Neal Stephenson wrote a book called Anathem. You can buy it from Amazon or you can read about it on Wikipedia. I really enjoyed it, because it’s dense and full of interesting ideas and wonderful writing. Stephenson is a master of science fiction, and like all good writers in any genre, his craft surpasses it.
The bits about Anathem that matter to what I’m writing are these:
- it takes place on a world a lot like Earth but it’s not exactly earth and it evolved completely separately from our planet (which is to say, it’s not a long-lost colony in the future)
- the larger culture has the run of the place. They’re a lot like our worst vices – obsessed with television, movies, fantasy, escapism, money, sports, competition. Their world is called “extramuros” by the other group of people on the planet, who call themselves the “mathic.”
- there are a bunch of little colonies called “concents,” that are like a combination of cloistered monastery and university. The people in them are like monks who have only their clothes as their possessions. Their chief features are 1) they are largely self-sufficient 2) they have very limited contact with the outside world.
This contact is restricted depending on what kind of avout you are – the “unarians” open their gate to the outside world once a year. The “decenarians” open their gate to the extramuros world (and to the other avouts) every ten years, every hundred years for the “centenarians” and every thousand years to the “millenarians.” These groups mostly recruit from the newly-born and lower maths. This is to say, the Millenarians are only seen every thousand years, so most avout never see one! And because they have so much time for self-reflection and really detailed, slow, long-view studies that they’re said to have amazing, secret powers.
Well, there are all different kinds of “concents” (it’s a kind of convent, see?). Some of them even have legends about each other. One of those legendary concents is the Ringing Vale concent, known for their apparent study of “vale lore,” or martial arts.

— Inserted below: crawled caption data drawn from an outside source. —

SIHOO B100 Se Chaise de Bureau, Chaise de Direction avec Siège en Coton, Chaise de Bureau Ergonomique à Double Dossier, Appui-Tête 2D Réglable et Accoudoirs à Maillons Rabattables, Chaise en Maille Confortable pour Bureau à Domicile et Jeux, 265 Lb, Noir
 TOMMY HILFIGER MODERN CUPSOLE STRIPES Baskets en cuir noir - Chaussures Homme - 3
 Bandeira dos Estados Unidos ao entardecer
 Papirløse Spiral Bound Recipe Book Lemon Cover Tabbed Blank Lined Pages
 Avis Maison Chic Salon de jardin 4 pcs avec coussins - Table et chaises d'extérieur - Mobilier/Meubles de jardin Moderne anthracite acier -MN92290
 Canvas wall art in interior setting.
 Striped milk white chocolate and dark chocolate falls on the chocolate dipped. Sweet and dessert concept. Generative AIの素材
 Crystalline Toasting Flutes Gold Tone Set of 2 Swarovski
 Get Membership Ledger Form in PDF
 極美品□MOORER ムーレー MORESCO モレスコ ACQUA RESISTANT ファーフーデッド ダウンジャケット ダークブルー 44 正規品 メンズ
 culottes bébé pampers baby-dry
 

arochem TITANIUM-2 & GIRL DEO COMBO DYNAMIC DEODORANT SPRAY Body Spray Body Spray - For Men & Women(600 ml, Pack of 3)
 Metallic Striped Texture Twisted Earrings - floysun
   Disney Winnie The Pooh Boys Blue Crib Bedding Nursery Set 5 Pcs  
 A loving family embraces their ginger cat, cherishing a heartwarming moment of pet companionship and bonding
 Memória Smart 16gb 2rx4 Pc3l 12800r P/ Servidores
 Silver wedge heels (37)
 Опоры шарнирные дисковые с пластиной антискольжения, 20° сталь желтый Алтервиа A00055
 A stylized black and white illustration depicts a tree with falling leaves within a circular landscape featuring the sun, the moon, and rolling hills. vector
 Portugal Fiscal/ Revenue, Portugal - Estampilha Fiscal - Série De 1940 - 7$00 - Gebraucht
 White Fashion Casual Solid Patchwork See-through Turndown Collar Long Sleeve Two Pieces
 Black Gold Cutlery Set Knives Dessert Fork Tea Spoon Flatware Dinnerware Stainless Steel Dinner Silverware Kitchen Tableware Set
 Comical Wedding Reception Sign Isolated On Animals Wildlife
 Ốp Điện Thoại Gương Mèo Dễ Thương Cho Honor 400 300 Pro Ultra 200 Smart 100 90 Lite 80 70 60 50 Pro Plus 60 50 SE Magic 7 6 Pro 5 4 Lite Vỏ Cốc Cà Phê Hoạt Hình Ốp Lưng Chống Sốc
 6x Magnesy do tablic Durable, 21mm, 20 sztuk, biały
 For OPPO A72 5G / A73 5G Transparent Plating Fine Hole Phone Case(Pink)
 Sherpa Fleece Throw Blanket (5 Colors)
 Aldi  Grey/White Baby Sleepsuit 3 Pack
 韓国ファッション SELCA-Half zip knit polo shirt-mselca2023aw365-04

So get this – these guys have been studying martial arts for thousands of years, mostly uninterrupted and with very little polluting contact with the fly-by-night saecular world. They don’t have a huge role in the book but it’s pivotal.
One of their central concepts is the idea of an “emergence.” The main character who hears the word spoken in context thinks the Ringing Vale avout means “emergency,” but she explains it further.
See, in the confines of a concent, you can’t really test martial arts. Sure, you can throw each other around and maybe do some hardcore sparring, but in the end it’s still nothing like real combat.
So, when some of these guys go out into the real world (which, again, is rare), they consider opportunities to test their knowledge in real-world circumstances as an emergence. It’s when they find their purpose in life – an emergence is like a hadj, a pilgrimage.
When it happens in the book, a small group of Valers (as they’re called) turn back an entire riot, in the kind of crunching, surgical, kinetic fight scene that few writers can do and Neal Stephenson can always do.
It makes me think of my own moments of emergence, and how those are what we work for.